Federal Laws Concerning Advance Directives


An advance directive is a written statement by a competent
person indicating his or her wishes regarding medical
treatment in the event of future incompetence. In this
context, incompetence means that a person cannot express
his or her wishes which may be caused by mental infirmity,
unconsciousness, or the inability to communicate. Advance
directives may be used to address medical questions during
any period of incompetence, including those periods
associated with terminal illness.

In general, there are two types of advance directives: (1) a
living will and (2) a health care power of attorney (also
referred to as a durable power of attorney). A living will
can inform health care providers about the type of medical
care that an individual wants provided or withheld. This
may include any type of medical treatment, including a life-
sustaining procedure. Living wills typically take effect
when the patient cannot communicate his or her wishes for
medical care. In general, once a physician receives a living
will, he or she either must honor its instructions or transfer
the patient to another physician who will honor them. A
health care power of attorney is a document that identifies a
health care proxy or decisionmaker for the patient. This
document typically takes effect when a physician decides
that a patient is unable to make a health decision.
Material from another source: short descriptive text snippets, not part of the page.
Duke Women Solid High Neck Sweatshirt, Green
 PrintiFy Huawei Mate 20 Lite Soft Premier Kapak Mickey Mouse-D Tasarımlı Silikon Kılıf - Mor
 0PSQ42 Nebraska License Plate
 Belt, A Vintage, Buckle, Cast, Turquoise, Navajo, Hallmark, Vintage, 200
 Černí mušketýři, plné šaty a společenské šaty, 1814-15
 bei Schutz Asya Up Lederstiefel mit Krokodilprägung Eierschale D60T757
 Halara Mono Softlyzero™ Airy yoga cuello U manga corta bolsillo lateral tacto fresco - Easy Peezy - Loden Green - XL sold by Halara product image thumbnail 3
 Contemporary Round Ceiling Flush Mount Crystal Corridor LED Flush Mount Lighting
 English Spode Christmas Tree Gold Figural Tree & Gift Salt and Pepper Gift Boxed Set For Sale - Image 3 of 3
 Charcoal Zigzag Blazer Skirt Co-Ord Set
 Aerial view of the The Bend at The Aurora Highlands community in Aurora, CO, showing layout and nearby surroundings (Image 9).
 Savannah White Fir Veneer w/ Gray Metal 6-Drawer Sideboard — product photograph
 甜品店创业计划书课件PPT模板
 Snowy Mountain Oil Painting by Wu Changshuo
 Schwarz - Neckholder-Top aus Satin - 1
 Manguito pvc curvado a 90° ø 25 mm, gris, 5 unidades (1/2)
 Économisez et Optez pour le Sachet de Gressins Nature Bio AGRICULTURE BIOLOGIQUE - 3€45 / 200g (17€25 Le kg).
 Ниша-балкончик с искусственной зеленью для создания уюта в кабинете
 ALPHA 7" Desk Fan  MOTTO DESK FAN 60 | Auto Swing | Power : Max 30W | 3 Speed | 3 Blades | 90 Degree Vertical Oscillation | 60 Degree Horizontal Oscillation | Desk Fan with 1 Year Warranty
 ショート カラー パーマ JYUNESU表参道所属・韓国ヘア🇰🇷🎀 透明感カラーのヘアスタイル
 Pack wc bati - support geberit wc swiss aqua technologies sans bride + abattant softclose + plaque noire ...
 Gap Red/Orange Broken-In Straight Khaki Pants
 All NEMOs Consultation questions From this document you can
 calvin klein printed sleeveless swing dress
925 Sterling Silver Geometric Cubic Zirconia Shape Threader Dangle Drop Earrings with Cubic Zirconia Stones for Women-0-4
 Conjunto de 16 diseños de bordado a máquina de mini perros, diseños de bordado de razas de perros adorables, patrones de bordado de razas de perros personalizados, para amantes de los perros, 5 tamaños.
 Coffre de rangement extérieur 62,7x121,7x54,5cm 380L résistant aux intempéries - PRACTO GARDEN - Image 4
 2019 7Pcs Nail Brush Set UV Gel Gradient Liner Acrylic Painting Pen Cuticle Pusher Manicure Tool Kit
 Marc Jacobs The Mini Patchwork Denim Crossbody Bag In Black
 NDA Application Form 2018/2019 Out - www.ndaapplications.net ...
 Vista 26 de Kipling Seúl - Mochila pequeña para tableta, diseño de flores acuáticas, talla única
All 50 states and the District of Columbia have laws
concerning advance directives and the appointment of a
health care proxy. While generally a matter of state law,
Congress has passed laws with respect to advance directives
and advance care planning.


In 1990, Congress passed the Patient Self-Determination
Act (PSDA; P.L. 10 1-508), which requires certain Medicare
and Medicaid covered providers (hospitals, nursing homes,
home health agencies, hospices, and Medicare Advantage
plans) to follow specified policies and procedures in regard
to advance directives. Covered providers are required to
maintain written policies and procedures with respect to

* providing adults with written information regarding
   their rights under state law to make decisions
   concerning medical care, including formulating advance
   directives;
* documenting an advance directive in the individual's
   medical record;
* not conditioning the provision of care, or otherwise
   discriminating against an individual, based on whether
   or not there is an advance directive;
* ensuring compliance with requirements of state law
   respecting advance directives; and


* providing education for staff and the community on
   issues concerning advance directives.
The PSDA also mandated that certain covered providers
distribute information about advance directives according to
the timing of medical or health-related events such as at the
time of admission, initial receipt of care, or plan enrollment.
Medicare-certified providers that do not comply with these
requirements may have payments withheld by the Secretary
of Health and Human Services (HHS). Medicaid law does
not contain a similar compliance requirement. Furthermore,
the PSDA provides for the continued application of state
laws that allow health care providers to object, as a matter
of conscience, to implementation of an advance directive.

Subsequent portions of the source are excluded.